How inexcusably careless. How awful for the poor lady in Daytona Beach whose credit card I could now go on a shopping spree with. And what, I thought, if the store is owned by some really nice guy who has a dumb bimbo doing his shipping? Shouldn’t he know? Yeah, I know. Deep down, I’m a good doobie.
So because it was early, I marched into my office and emailed the guy, telling him what had happened. Within minutes my phone rang, and it was the very lady who had done the packing. She cursorily thanked me for letting them know, and then had the audacity to ask if I would just pack everything up and ship it back, and they’d refund me the shipping when they got it.

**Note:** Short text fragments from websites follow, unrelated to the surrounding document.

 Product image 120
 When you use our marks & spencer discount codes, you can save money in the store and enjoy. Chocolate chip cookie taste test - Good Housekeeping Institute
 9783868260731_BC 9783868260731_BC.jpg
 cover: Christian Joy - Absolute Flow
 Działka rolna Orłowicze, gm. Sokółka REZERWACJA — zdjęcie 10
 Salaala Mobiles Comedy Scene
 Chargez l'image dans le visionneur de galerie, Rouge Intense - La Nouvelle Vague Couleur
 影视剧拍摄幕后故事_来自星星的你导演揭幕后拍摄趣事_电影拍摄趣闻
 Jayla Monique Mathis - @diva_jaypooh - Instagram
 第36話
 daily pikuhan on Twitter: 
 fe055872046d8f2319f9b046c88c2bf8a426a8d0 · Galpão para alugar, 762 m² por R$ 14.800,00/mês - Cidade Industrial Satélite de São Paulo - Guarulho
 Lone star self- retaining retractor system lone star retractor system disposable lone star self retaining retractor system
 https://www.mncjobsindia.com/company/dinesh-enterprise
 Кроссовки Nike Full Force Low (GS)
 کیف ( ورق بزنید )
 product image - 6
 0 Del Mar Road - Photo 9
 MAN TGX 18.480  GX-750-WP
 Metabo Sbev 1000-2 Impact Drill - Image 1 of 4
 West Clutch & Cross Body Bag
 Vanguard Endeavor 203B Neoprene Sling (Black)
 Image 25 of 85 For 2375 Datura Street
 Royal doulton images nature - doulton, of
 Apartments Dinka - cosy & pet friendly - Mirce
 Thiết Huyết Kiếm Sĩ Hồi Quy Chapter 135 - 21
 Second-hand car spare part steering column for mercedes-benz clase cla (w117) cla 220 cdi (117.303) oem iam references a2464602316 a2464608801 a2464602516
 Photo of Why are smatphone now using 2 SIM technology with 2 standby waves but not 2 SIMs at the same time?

Excuse me? I was positively horrified that the lady on the other end of the phone wasn’t tripping over herself with gratitude that I would be so honest on all accounts! Had I just kept the stuff, they would’ve gotten calls from three customers who never received their orders, and they would’ve had a shipping mystery on their hands. Plus, I could’ve bought airfare for my family to St. Barts over Christmas and brand-new iPods for all my blog readers using Celine’s Master Card!
I was so taken aback, I was nearly speechless. Finally I blurted out that I could sent it back, but that I didn’t know when I’d be able to get around to it. I mean, screw you, lady. You messed up, and now you expect me to save your stooopid ass?
She put me on hold, and when she came back, I thought I’d have some fun playing with her, so I told her that I hoped my housekeeper hadn’t taken the shirts and stuck them all in the washing machine.
Again, on hold.
She came back and said that they would send me a shipping envelope with a prepaid label. My, how gracious of you! I told her that I had caught the shirts just in time before hitting the laundry, but reminded her that the license plate frame, as I had explained in the email, was already on my car. They couldn’t exactly send it out as new.
Please hold. Oh, hi again. I could keep the frame. Isn’t that swell? She reiterated that I could just stick everything in the envelope they were sending and put it into my mailbox so my mailman could take it. Golly gee, so convenient!
I paused. I waited. I gave her the opportunity to “tell her what she’s won, Johnny!” but nothing. No gift certificate, no credit against some of my purchase, nothing. Again, I was incredulous. So before she hung up, I managed to casually slip in that this would be making a great story for my blog. I wished I could’ve seen her face because that comment, at least, elicited a nervous chuckle.
A few minutes later, I got an email from the owner that said:
Andrea, Thank you very much for being so honest-not too many people would have done what you did. Enjoy the License Plate and have a very happy holiday season. Thx Rob
End of story, though there’s still a little piece of me (as if any piece of me is little these days!) that wants to email Celine in Daytona Beach and tell her about the breach with her credit card. I just wasn’t feelin’ enough contrition from the folks at Jakes Good Newport.
Which is all a groovy counterpoint to my order from Zappos that I placed late Sunday morning and arrived at my door early Monday morning, less than 24 hours later. I don’t know how they do it, but that’s why Zappos has had my repeat business for 10 years, and why Jakes Good Newport can, frankly, bite me.